28 Haziran 2008 Cumartesi

Çın- Çınnnn


Yine o anlardan biri.
Mutluluktan ne yapacağımı, nerelere gideceğimi bilemez haldeyim.
İçki ile aram olsa, ardı ardına onlarca şampanya patlatma zamanı.
Sevinçler paylaşıldıkça çoğalıyor.
Tüm sevdiklerimin sağlığına, mutluğuna, ömür boyu birlikteliğine kadeh kaldırma neşesi içindeyim: Çın-Çınnnn...

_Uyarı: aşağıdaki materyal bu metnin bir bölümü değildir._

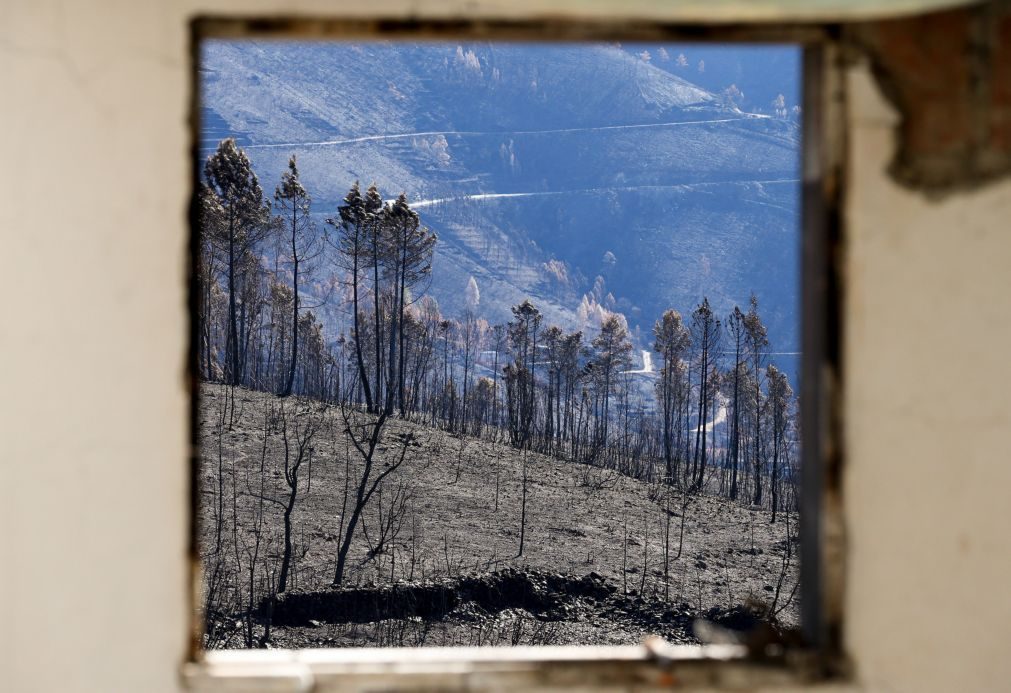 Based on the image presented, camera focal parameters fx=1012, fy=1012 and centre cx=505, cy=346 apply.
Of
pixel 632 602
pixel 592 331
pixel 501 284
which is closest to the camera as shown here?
pixel 632 602

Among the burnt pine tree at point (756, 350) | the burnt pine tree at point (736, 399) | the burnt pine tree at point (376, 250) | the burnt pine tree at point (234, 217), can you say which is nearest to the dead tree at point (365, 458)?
the burnt pine tree at point (376, 250)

Bugün günlerden Cumartesi, değmeyin keyfime.
Sabah sahilde 30C dolaylarındaki havada etrafta denize giren, surf ve yelkenli yapan, benim gibi bisiklete binen, paten kayan, köpeğini gezdiren, çimlerde yan gelip yatan ve ısrarla bisiklet yolundan koşup, yürüyenlerle birarada nefis bir Cumartesi sabahındayız.
Kimse durumdan şikayetçi gibi görünmüyor.
Sevgili arkadaşım Engin’in teşviği ile son zamanlarda bisiklete daha çok vakit ayırır oldum. Temmuz ayına yaklaştığımız bu günlerde, İstanbul sıcağında bisiklete binebilmek için ya sabah erken saatleri ya da akşam geç saatleri tercih etmek gerekiyor artık. Yoksa bu zevk küpü durum, hele hele kondisyonunuz da yoksa eziyete dönüşüyor ki, bu yakıştırmaya asla gönlüm razı gelmez.
Hala kendi bisikletim olmadığından yine Selamiçeşme’deki Yeşil Bisiklet’e giderek adı kiralık ama kullanım sıklığım sebebiyle artık benim zimmetime geçen emektar bisikleti aldım. Yeşil’den dümdüz aşağıya salarak İş Bankası Blokları yanından Fenerbahçe sahiline çıktım.
Sahil boyunca, kah ağır ağır gidip etrafı seyrederek, kah tek başına bir bayanı görüp sıkıştırmaya çalışan 4-5 kişilik bisiklet çetelerinin tacizlerinden zaferle çıkabilmek uğruna yüksek vites, tempolu pedal ile uzunca bir tur yaptım.
Her bindiğimde sürüş mesafemi biraz daha uzatıyorum.
Hele bir de mp3’ümü yanıma almayı unutmasaydım, az kalsın Fenerbahçe’den başlayıp Maltepe’den çıkacaktım bugün...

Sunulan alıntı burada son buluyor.